Set down exactly, with nothing added, the lines from the one containing "Swedish Oil Painting" through the end of the entries.
________
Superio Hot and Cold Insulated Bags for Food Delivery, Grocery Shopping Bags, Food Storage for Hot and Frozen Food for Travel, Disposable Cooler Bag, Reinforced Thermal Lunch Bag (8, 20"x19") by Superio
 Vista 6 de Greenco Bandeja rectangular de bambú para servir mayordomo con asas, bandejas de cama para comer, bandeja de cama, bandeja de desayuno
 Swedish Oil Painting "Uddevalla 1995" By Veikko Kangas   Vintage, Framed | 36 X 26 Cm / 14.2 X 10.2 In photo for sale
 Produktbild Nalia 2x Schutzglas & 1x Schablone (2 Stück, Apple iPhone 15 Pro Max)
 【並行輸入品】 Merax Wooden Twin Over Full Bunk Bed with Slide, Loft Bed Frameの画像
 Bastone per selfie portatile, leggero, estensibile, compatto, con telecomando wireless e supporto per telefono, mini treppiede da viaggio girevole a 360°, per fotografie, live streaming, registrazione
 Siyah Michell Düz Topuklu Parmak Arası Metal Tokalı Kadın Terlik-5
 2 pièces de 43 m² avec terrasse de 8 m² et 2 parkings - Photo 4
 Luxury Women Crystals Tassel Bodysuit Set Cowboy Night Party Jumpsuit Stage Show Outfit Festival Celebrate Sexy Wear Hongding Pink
________
> _Result for this task_:
 Swedish Oil Painting "Uddevalla 1995" By Veikko Kangas   Vintage, Framed | 36 X 26 Cm / 14.2 X 10.2 In photo for sale
 Produktbild Nalia 2x Schutzglas & 1x Schablone (2 Stück, Apple iPhone 15 Pro Max)
 【並行輸入品】 Merax Wooden Twin Over Full Bunk Bed with Slide, Loft Bed Frameの画像
 Bastone per selfie portatile, leggero, estensibile, compatto, con telecomando wireless e supporto per telefono, mini treppiede da viaggio girevole a 360°, per fotografie, live streaming, registrazione
 Siyah Michell Düz Topuklu Parmak Arası Metal Tokalı Kadın Terlik-5
 2 pièces de 43 m² avec terrasse de 8 m² et 2 parkings - Photo 4
 Luxury Women Crystals Tassel Bodysuit Set Cowboy Night Party Jumpsuit Stage Show Outfit Festival Celebrate Sexy Wear Hongding Pink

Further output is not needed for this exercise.